Love It To Death, Alice Cooper!!!
I have a theory that this record was recorded amidst a pile of beer cans in a basement with no access to natural light. Caught in this dream of mine, the amplifiers are turned up too loud and the band aren’t even sure what they’re playing. Black light posters ring around the sweat filled room and the air is as thick as the sheet metal on the fender of a ‘70 Chevelle. A young Vince Furnier primps and pumps his fist to a crowd that wouldn’t show up for a couple years. When the sun arises and they play back the tape, the masterpiece that is Love It To Death by Alice Cooper surprises even the band.
Speaking of surprises, this record contains their first hit - I’m Eighteen. Remember that one? It’s got that really sad reference about lines forming on a guy’s face and hands. Even as a kid I thought it was weird that some teenager was getting wrinkles. Ah, but that line about having a baby’s brain and an old man’s heart. Well, that’s heady stuff for heavy rockers. Almost poignant. This record contains searing guitar work, heavy pounding, thumping, thudding and wailing. And numerous religious references. Specifically, Christian. Listen and you’ll see what I mean. Though with songs like Hallowed Be My Name and Second Coming even the thickest heads will get the idea there’s something beneath something here. I remember seeing an interview with Mr. Alice Cooper once where he said that the theme running through Alice Cooper records was that there was Evil and there was Good and don’t choose Evil. Good advice, that.

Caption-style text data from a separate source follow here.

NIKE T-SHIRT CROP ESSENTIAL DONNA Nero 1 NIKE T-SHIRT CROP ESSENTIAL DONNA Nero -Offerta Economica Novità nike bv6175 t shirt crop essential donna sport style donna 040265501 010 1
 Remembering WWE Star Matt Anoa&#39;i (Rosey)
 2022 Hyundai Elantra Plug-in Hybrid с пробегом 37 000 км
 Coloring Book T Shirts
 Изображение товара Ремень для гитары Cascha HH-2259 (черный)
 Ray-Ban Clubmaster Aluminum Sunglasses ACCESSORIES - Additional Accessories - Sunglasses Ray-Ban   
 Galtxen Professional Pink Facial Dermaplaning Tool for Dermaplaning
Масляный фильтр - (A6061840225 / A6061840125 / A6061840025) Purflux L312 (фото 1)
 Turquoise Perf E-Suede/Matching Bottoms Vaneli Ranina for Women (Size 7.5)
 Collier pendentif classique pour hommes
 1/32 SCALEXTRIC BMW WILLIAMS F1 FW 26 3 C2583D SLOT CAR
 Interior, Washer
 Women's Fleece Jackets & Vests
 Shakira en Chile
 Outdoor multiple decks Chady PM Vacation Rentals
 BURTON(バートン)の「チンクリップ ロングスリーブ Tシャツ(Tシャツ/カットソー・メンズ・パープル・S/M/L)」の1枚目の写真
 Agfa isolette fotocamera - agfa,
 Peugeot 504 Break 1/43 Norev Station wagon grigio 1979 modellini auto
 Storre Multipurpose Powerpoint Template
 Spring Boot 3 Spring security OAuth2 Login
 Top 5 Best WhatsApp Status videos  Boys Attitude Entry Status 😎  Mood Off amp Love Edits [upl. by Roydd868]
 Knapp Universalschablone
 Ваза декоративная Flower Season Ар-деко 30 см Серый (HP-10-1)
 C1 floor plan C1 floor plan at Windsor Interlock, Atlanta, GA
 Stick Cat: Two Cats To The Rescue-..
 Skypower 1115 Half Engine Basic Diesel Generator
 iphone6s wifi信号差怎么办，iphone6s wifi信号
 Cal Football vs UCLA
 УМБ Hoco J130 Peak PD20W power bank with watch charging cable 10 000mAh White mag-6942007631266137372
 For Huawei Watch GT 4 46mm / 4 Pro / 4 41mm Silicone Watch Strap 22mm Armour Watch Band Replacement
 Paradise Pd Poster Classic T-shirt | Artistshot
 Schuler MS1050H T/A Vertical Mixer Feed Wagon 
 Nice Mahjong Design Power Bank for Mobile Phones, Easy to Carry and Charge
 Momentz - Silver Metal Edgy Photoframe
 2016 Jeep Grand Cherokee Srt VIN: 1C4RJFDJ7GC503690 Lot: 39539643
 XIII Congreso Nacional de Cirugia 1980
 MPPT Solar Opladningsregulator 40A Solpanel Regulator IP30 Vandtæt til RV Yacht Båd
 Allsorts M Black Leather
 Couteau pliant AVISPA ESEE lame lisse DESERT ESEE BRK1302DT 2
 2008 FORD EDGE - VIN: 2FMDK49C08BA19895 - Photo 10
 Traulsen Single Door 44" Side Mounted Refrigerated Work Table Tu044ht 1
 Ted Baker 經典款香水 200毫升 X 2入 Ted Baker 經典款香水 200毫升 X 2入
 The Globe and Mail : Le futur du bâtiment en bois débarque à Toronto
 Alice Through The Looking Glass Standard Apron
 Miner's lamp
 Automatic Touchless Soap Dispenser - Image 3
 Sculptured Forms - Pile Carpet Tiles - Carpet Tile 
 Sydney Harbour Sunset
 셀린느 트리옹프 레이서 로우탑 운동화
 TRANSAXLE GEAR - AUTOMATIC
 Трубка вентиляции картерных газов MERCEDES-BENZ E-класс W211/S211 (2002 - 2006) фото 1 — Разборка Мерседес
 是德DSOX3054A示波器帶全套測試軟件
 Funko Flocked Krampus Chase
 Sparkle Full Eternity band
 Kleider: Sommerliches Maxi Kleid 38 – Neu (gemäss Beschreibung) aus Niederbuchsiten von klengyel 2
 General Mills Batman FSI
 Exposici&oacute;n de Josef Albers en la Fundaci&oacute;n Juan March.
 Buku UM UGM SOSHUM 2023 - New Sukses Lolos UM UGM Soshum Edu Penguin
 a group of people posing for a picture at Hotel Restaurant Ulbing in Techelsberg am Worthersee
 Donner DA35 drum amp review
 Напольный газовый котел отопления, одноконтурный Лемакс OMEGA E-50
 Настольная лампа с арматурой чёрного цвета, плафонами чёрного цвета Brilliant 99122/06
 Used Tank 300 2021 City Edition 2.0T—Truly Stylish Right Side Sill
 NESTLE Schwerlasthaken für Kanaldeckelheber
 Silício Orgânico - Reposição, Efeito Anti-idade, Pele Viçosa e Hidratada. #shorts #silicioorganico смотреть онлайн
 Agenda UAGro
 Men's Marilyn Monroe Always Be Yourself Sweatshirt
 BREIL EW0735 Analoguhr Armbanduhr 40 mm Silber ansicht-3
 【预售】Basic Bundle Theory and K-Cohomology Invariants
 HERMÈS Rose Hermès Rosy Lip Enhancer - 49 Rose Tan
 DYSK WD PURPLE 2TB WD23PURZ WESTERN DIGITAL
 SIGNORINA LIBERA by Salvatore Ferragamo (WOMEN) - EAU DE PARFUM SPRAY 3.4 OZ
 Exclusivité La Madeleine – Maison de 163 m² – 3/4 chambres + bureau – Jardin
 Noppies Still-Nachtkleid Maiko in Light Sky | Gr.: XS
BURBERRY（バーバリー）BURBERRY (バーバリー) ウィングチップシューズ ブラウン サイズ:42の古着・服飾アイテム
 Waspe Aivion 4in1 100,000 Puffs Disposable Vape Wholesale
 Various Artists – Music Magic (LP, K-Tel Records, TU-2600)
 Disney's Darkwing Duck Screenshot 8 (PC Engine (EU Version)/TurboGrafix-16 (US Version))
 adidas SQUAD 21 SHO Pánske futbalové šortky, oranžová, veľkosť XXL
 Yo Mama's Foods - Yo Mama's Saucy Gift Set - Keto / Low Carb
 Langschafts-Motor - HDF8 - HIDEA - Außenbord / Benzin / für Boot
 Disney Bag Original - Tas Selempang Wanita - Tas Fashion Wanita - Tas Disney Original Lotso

There’s a song here called Ballad of Dwight Fry. In that one song you get a straight jacket, weight loss, a missing father and a hook and riff explosion that most rock bands would kill for. There’s also the preposterously awesome Is It My Body. There are no wasted songs on this record. It might just change your life. And I’m no fan of hyperbole.
Only in America could there exist a rock ‘n’ roll Horatio Alger story like this one. Mr. Alger, of course, being a long dead collector of Alice Cooper records. In any case, let’s get into why this album is so important.
The Alice Cooper story began a couple years earlier with the sound of no hands clapping to the release of the band’s first record - Pretties For You. It’s a great album but it’s not like Love It To Death. It’s more psychedelic and artsy. Their next record was called Easy Action and to me it’s the link between their first record and the heavier buzz-saw sound of Love It To Death. With Love It To Death things started to ferment and the band saw some real success. They’d have much more success in years to come with the albums Killer, School’s Out, and Billion Dollar Babies but the formula started to kick like an electric mule on Red Bull with the release of Love It To Death.
Alright, let’s take a short break for trivia. In 1971, where would your local record store flunky file a record by Alice Cooper? In the “C” or “A” sections? Answer? How ‘bout both! It was a trick question, freaques! If the aforementioned flunky clerk knew what he was doing he’d file it in “A” section. Huh? Well, it’s because “Alice Cooper” isn’t a person. Or at least he wasn’t a person way back in the late 60s and early 70s. Nope. Alice Cooper was a group of five hard rockers that were long on talent and silver clothing and short on scissors. This group was made up of real humans with real names like Vincent Damon Furnier on vocals, Glen Buxton and Michael Bruce on guitars, Dennis Dunaway on bass and Neal Smith on drums. After a few years of success (and even more beers) Vincent Furnier worked up the nerve to take the name of the group as his own name thus becoming the person Alice Cooper. Mr. Alice Cooper to you.
Here’s the important part. Americans, I implore you. In this election year, there’s one thing more important than voting. Buying this record. So, drop your socks. Pick up your car keys. Skip out of work and run to your local record purveyor and purchase this twelve incher. Same goes for you American Samoans. With one exception - drop your banana (even us xenophobic Americans know you don’t own socks!).
Oh, here’s something.
Do yourself a favor and listen (and watch) Alice Cooper perform Is It My Body by clicking on this very sentence!
For weirdos only: By now if you’re following my unusual brand of record reviewing, you’ll note that I must have something self-important and/or self-indulgent to say about a record if I include a photo of the record label. In this case I’m bragging a bit that I own a first pressing of Love It To Death as evidenced by the pinkish Straight label. Sure, I also own a Warner Brothers copy of the record too, but it’s these first pressings that sound almost criminally powerful. When I bought this copy at a local clothing resale shop (see, there is hope!) a friend of mine who’s more of a record weirdo than me told me I’d throw out my Warner Brothers copy as a phony replica of the real thing on the Straight label. He may have been exaggerating but it does sound better. The first pressings also contain the naughty cover before it was airbrushed at the request of nervous corporate execs over at Warners. There’s nothing naughty about it at all, really. But I guess people thought the old thumb through the zipper trick was an inch too far and they did away with it when Warner Brothers bought the rights and reissued the record in 1971. Have fun weirdos. Keep smiling!